[[ Given data open ]]

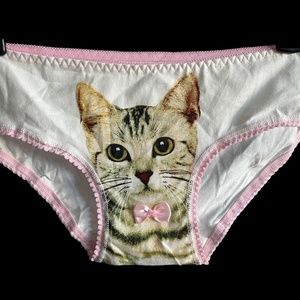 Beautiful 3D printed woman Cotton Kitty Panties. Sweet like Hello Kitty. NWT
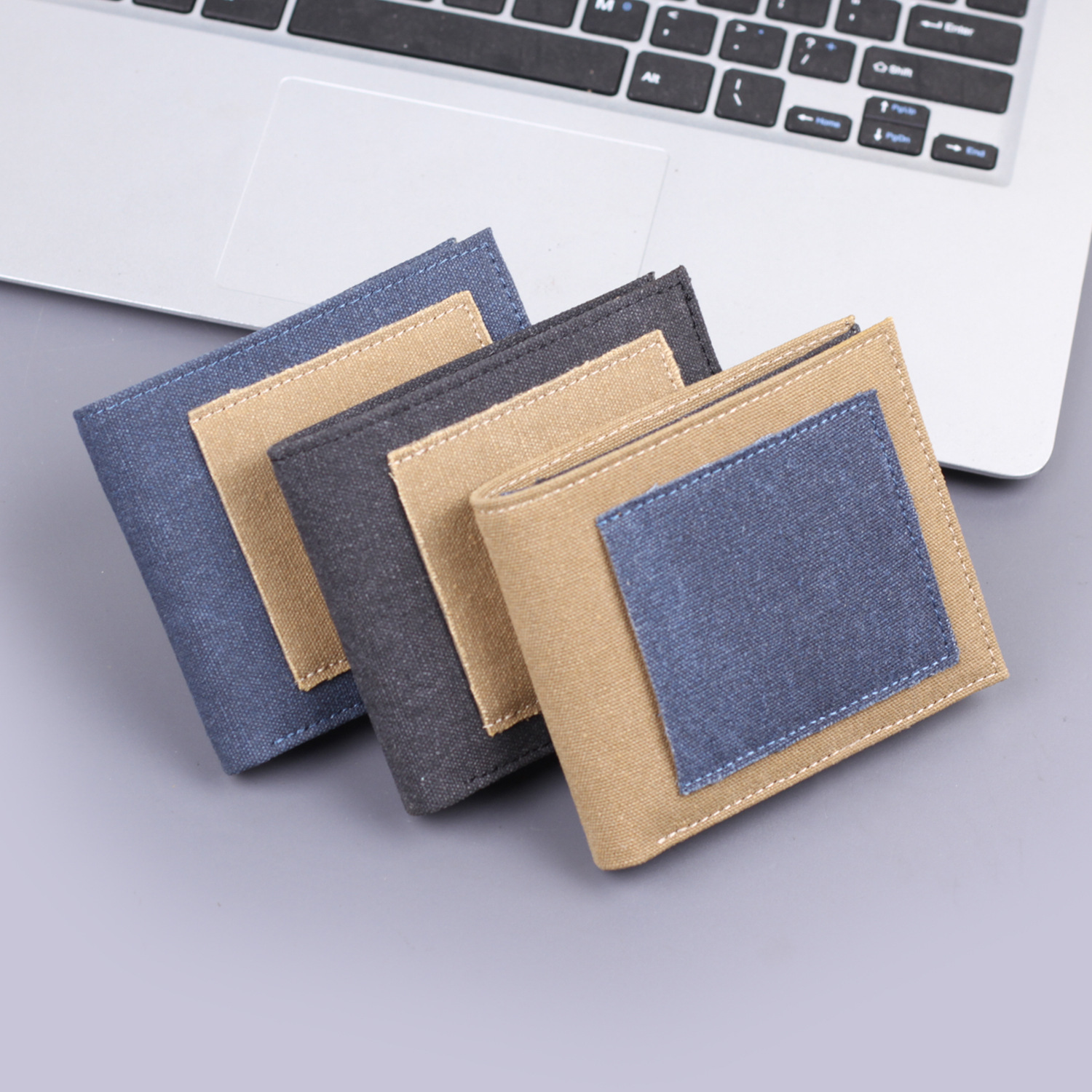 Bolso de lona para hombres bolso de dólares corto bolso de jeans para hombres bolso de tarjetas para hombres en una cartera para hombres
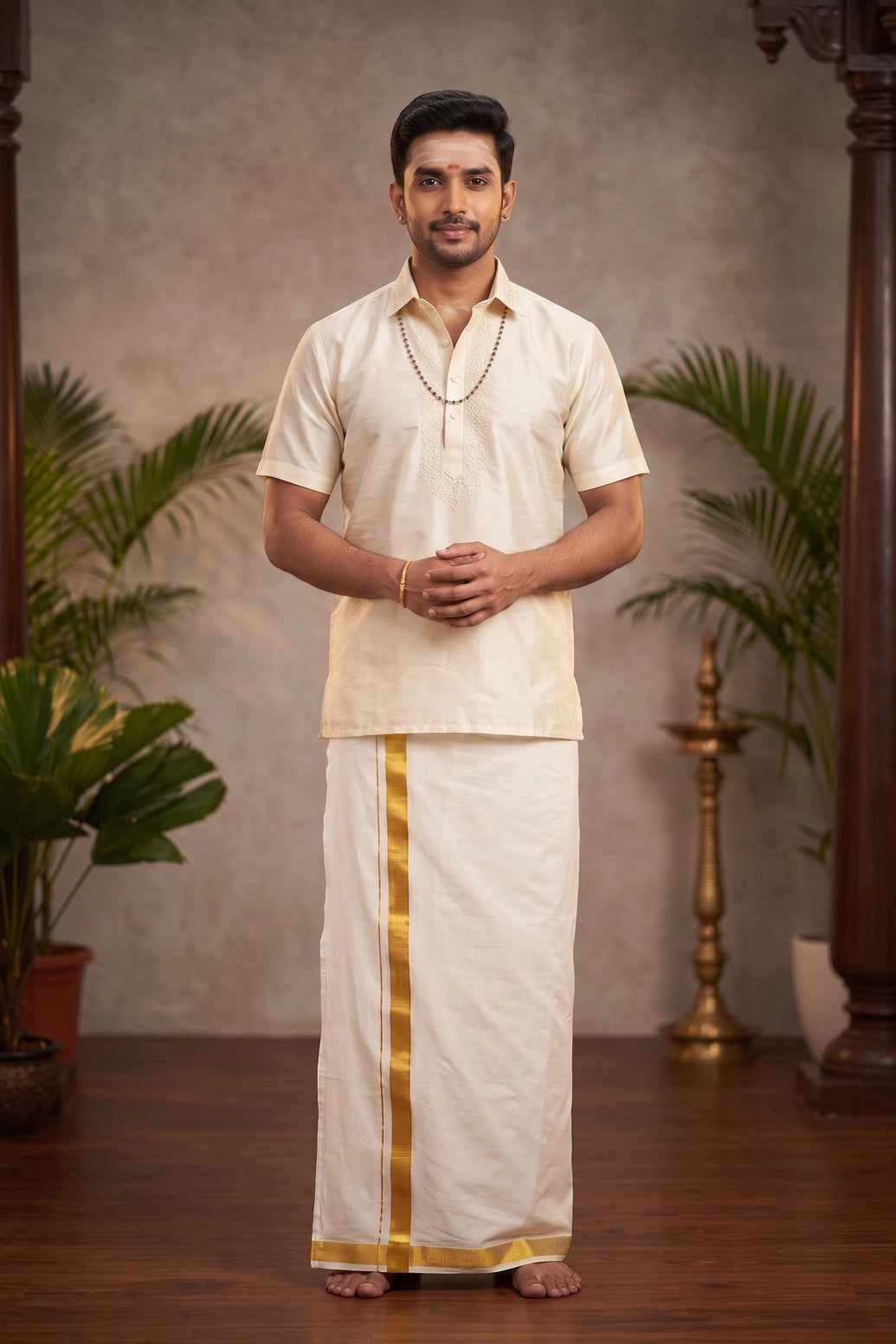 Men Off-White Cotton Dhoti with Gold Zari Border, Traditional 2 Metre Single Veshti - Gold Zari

[[ Given data closed ]]
[[ Given data open ]]

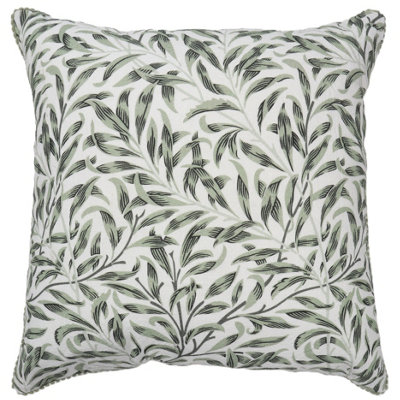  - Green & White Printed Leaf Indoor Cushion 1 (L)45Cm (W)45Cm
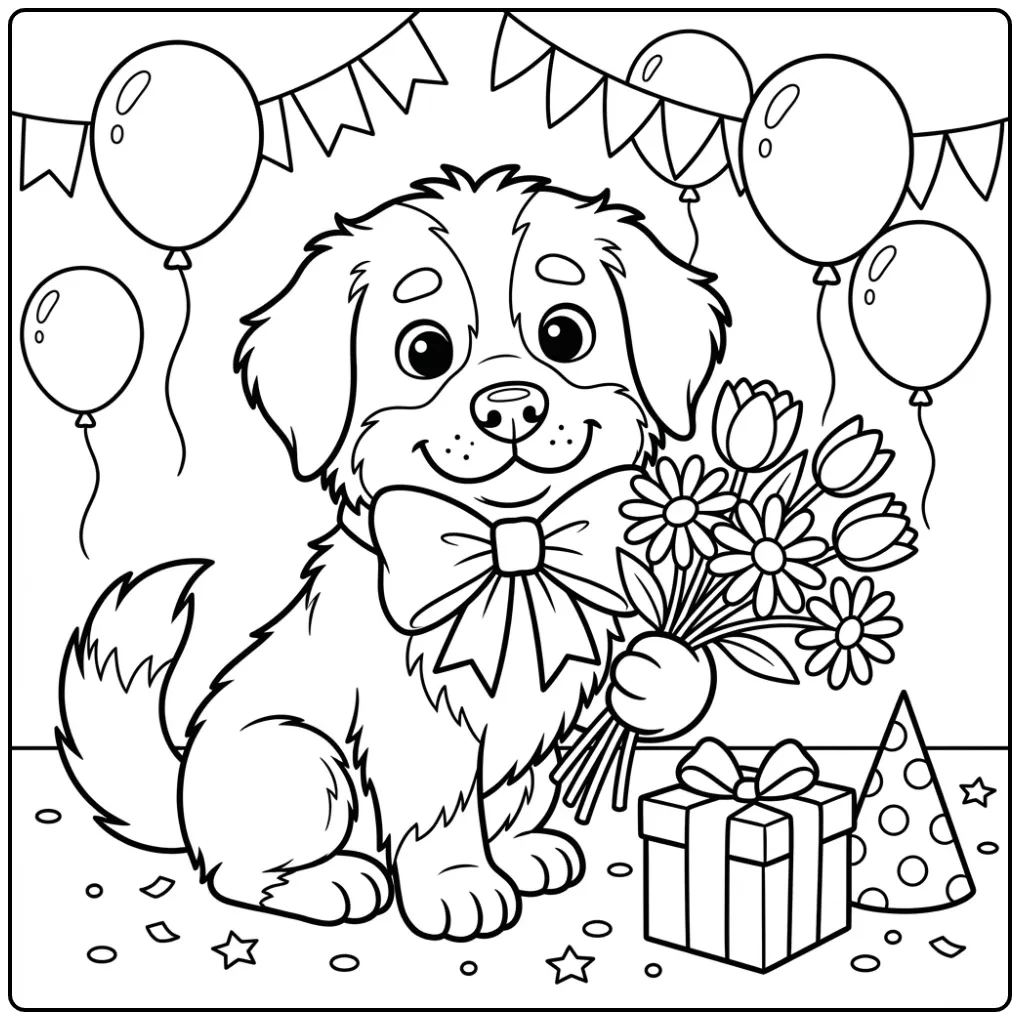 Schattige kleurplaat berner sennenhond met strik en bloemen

[[ Given data closed ]]
[[ Given data open ]]

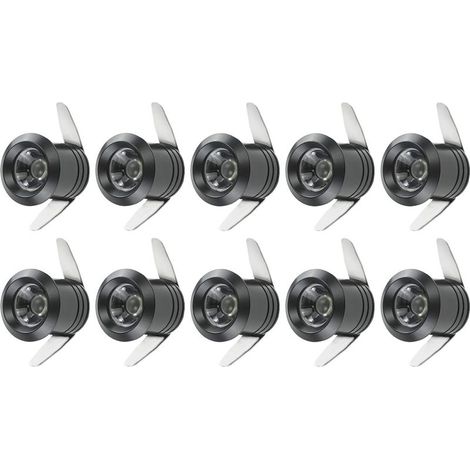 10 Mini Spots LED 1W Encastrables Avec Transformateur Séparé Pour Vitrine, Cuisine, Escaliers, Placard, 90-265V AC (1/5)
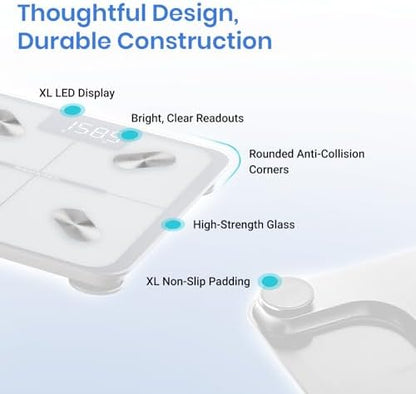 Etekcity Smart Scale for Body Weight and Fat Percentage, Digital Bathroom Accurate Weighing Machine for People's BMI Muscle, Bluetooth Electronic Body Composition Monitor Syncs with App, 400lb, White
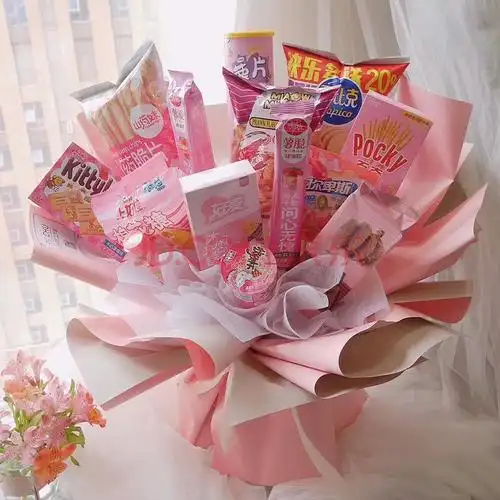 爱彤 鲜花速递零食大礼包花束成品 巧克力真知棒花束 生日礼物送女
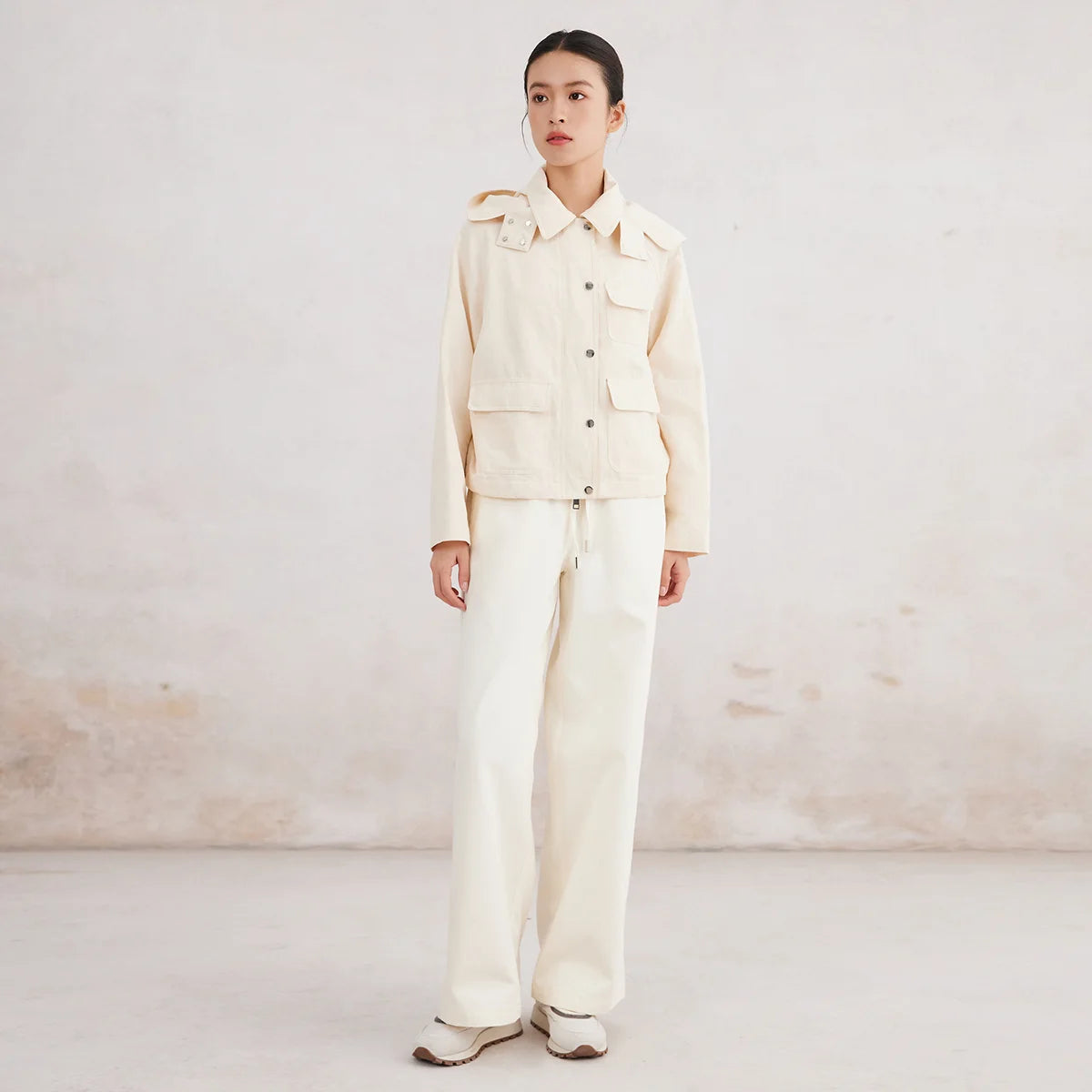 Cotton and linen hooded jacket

[[ Given data closed ]]

**Instructions for the task**
In the entries above, find the line with "- Green & White" and the line with "Schattige kleurplaat berner". Return exactly those lines and all the ones between them, pictures excluded.

**Solution for this problem**
  - Green & White Printed Leaf Indoor Cushion 1 (L)45Cm (W)45Cm
 Schattige kleurplaat berner sennenhond met strik en bloemen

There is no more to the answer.